§ Problem requirements:
Nothing but the records themselves, exactly as written, should appear in the reply; leave out the pictures.

§ Entries shown:
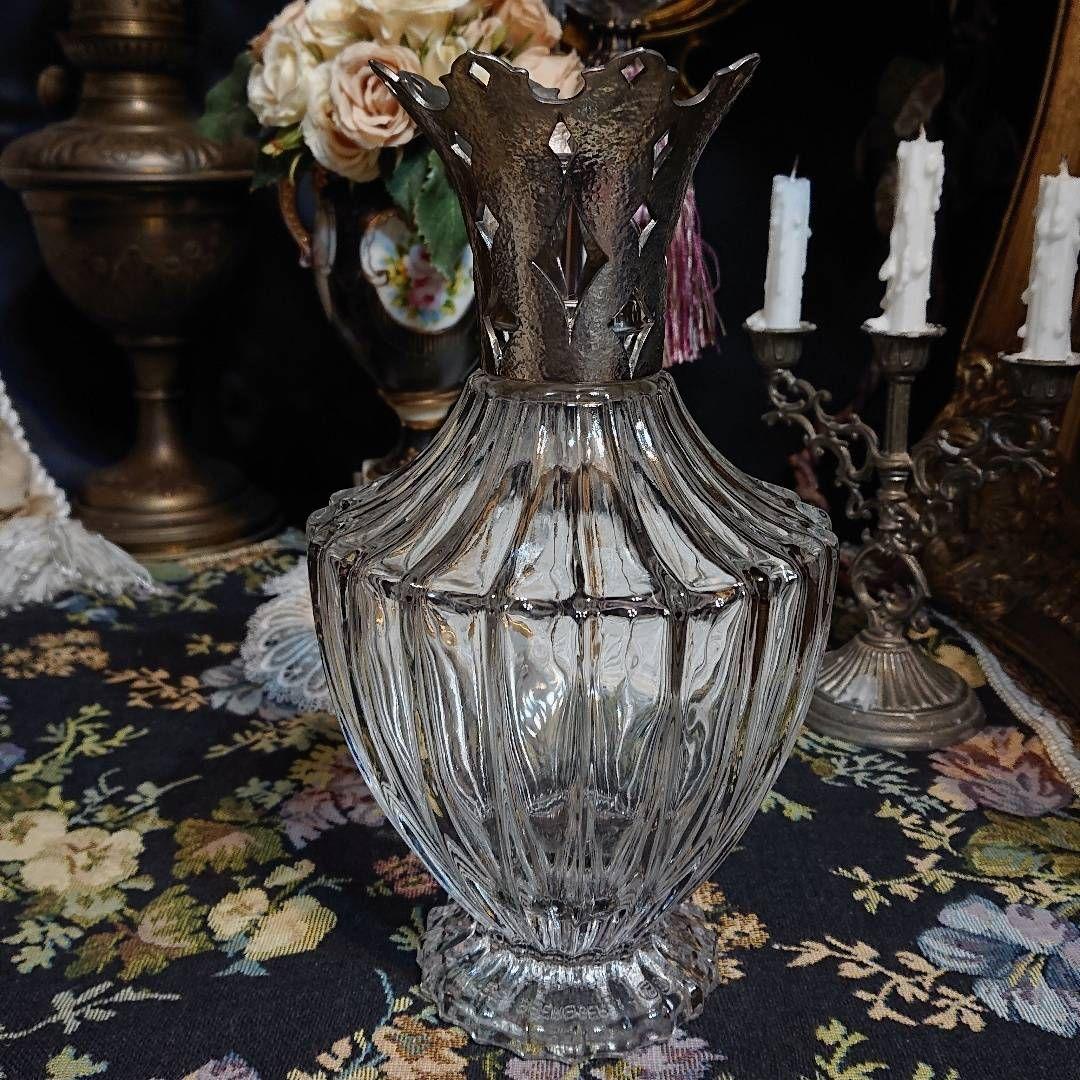 【ご商談中☆】ランプベルジェ シグネチャーランプ Altesse おまとめ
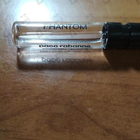 Отзыв Paco Rabanne Phantom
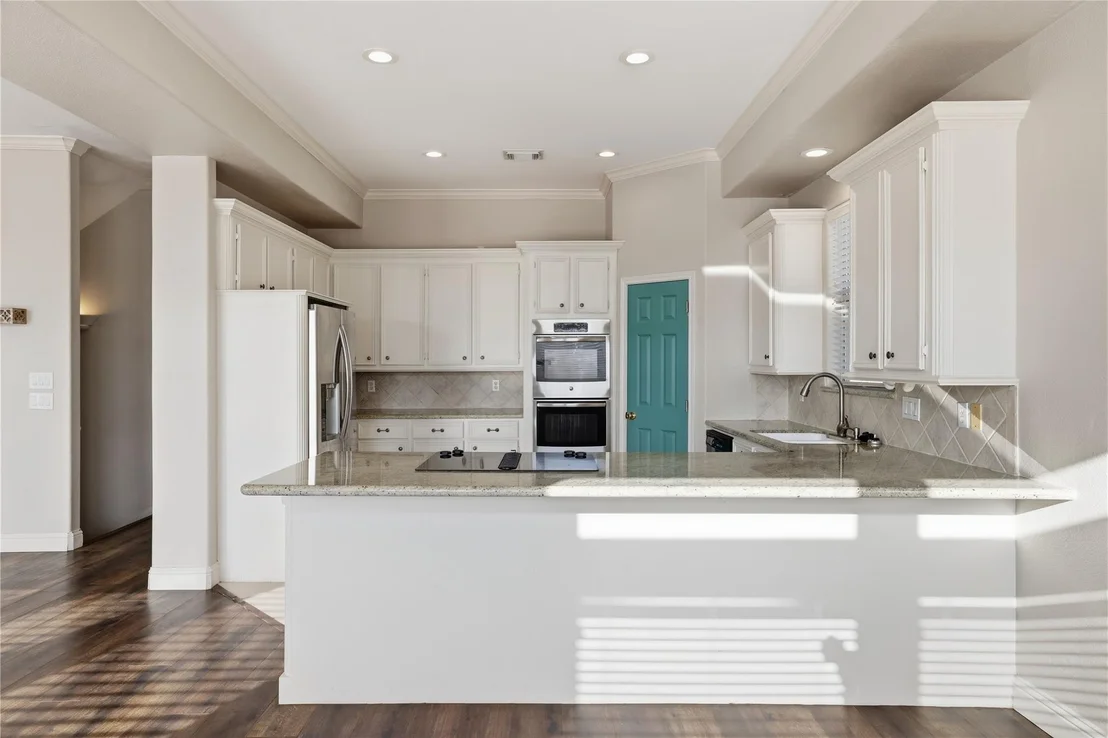 Photo of 414 Westerly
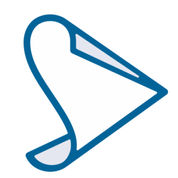 Sorcero Alternatives & Competitors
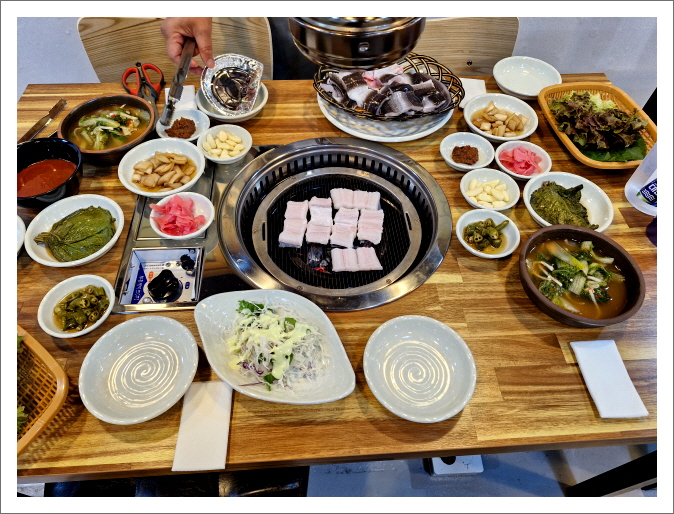 평산장어조아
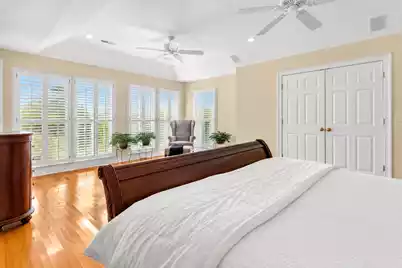 10 Commons Court, Isle Of Palms, SC 29451 - Photo 22
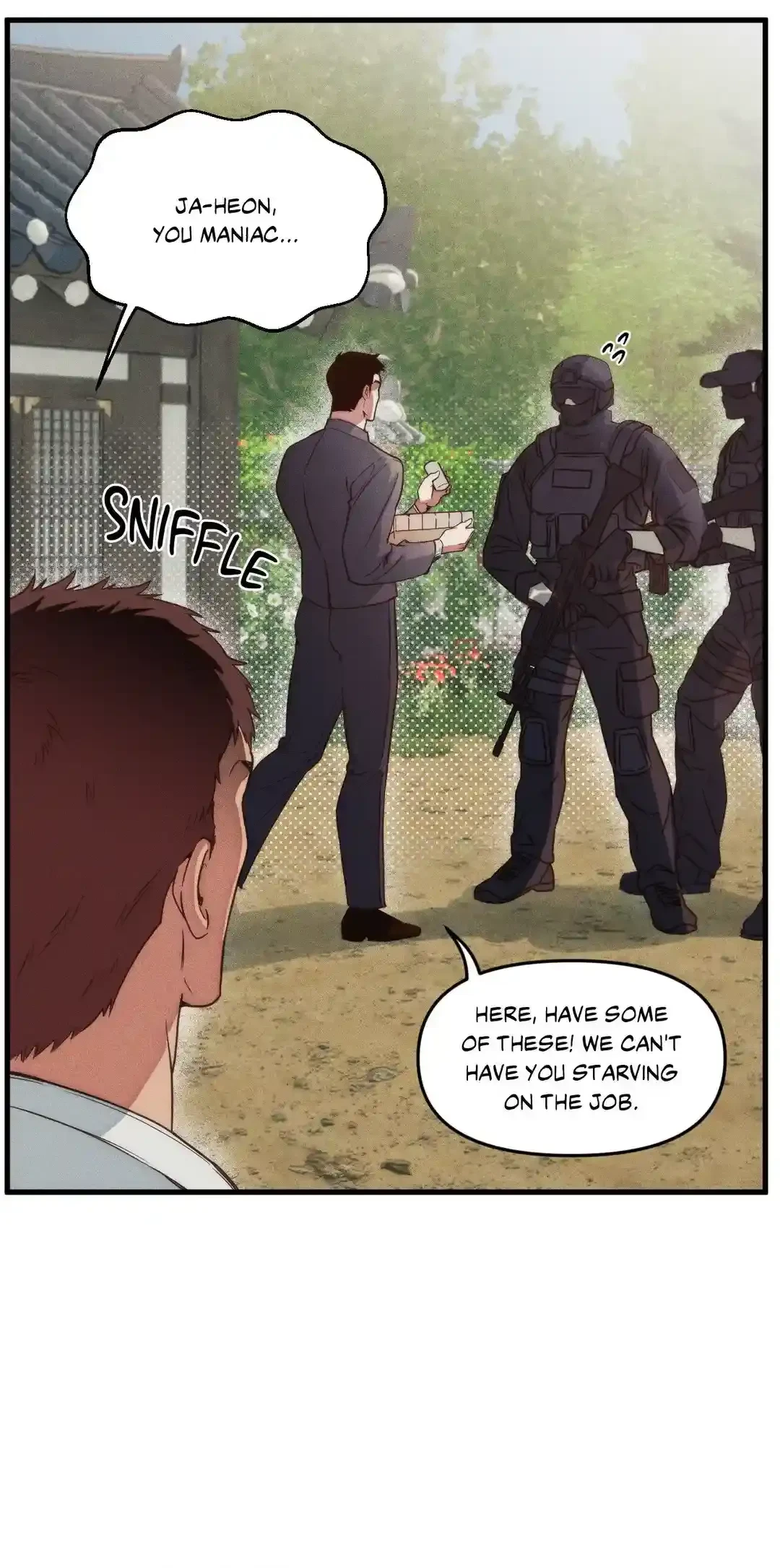 Chapter 1, page 8
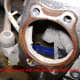 nissan-murano-front-wheel-bearing-hub-replacement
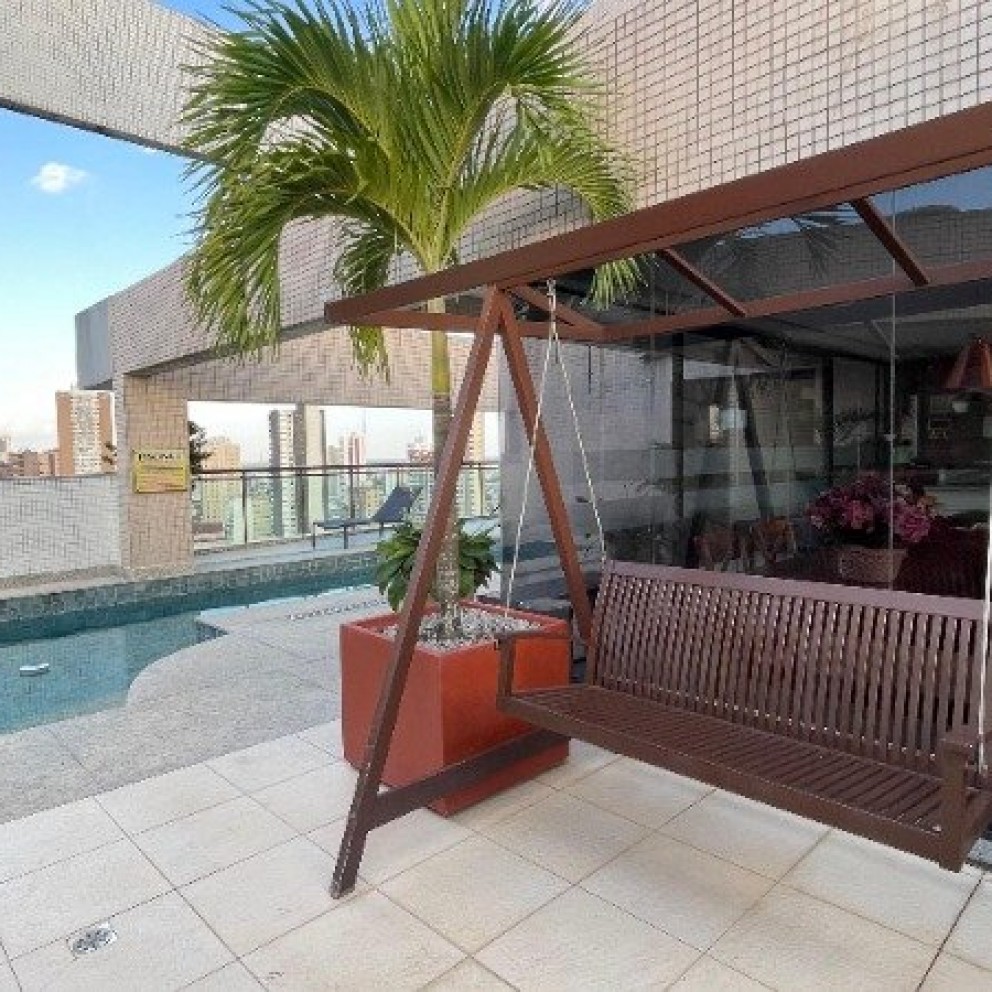 Ed. La Residence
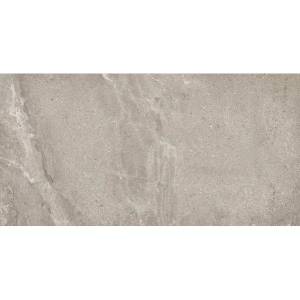 Керамогранит Ametis by Estima Kailas 68631 KA03/NS_R9/80x160x11R/GW 80x160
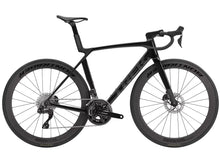 Trek Madone SL 6 Gen 8 2027年モデル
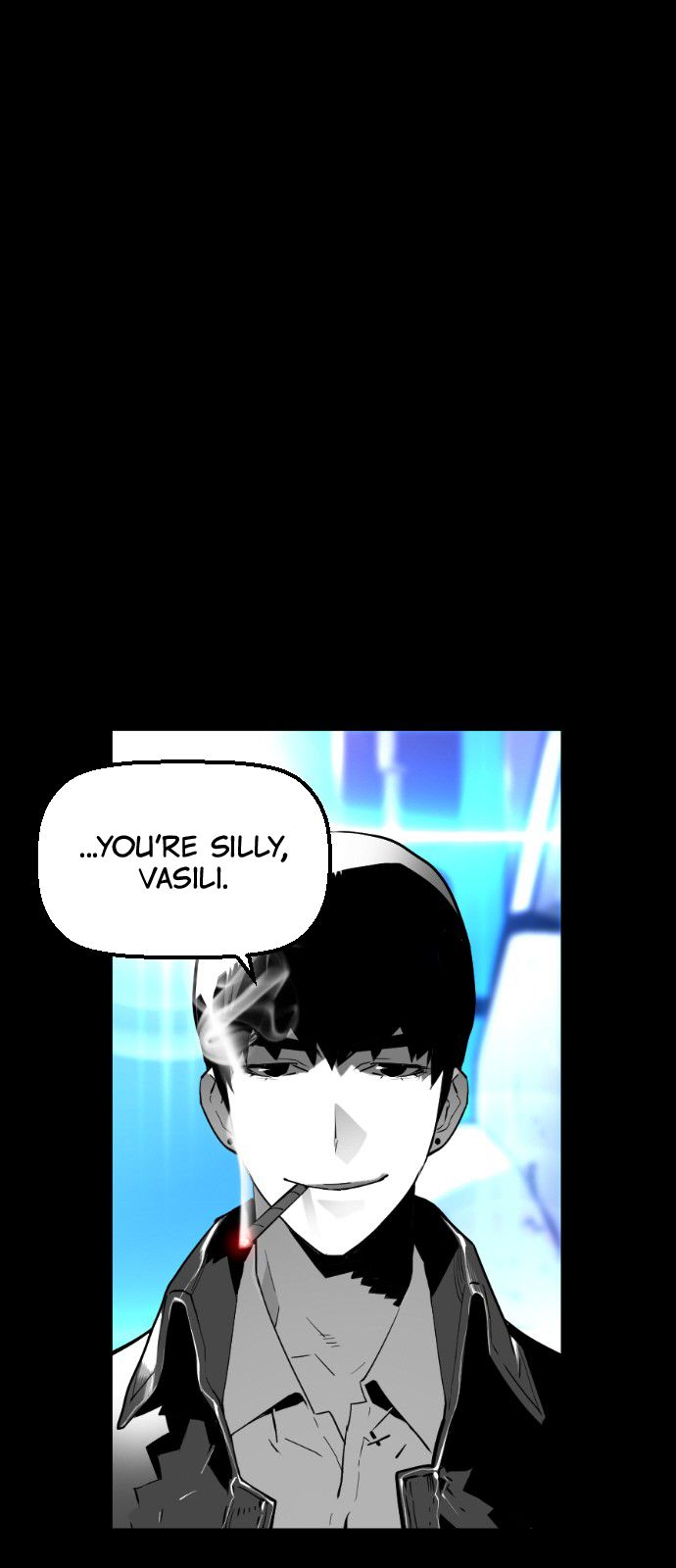 Page 9 of Chapter 112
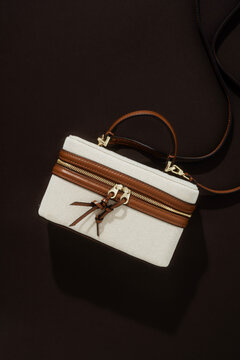 Fashion bag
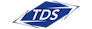 TDS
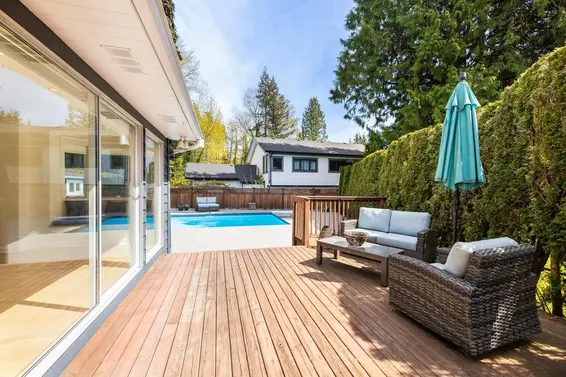 510 Newdale Place, West Vancouver For Sale - image 29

§ Task response:
 【ご商談中☆】ランプベルジェ シグネチャーランプ Altesse おまとめ
 Отзыв Paco Rabanne Phantom
 Photo of 414 Westerly
 Sorcero Alternatives & Competitors
 평산장어조아
 10 Commons Court, Isle Of Palms, SC 29451 - Photo 22
 Chapter 1, page 8
 nissan-murano-front-wheel-bearing-hub-replacement
 Ed. La Residence
 Керамогранит Ametis by Estima Kailas 68631 KA03/NS_R9/80x160x11R/GW 80x160
 Trek Madone SL 6 Gen 8 2027年モデル
 Page 9 of Chapter 112
 Fashion bag
 TDS
 510 Newdale Place, West Vancouver For Sale - image 29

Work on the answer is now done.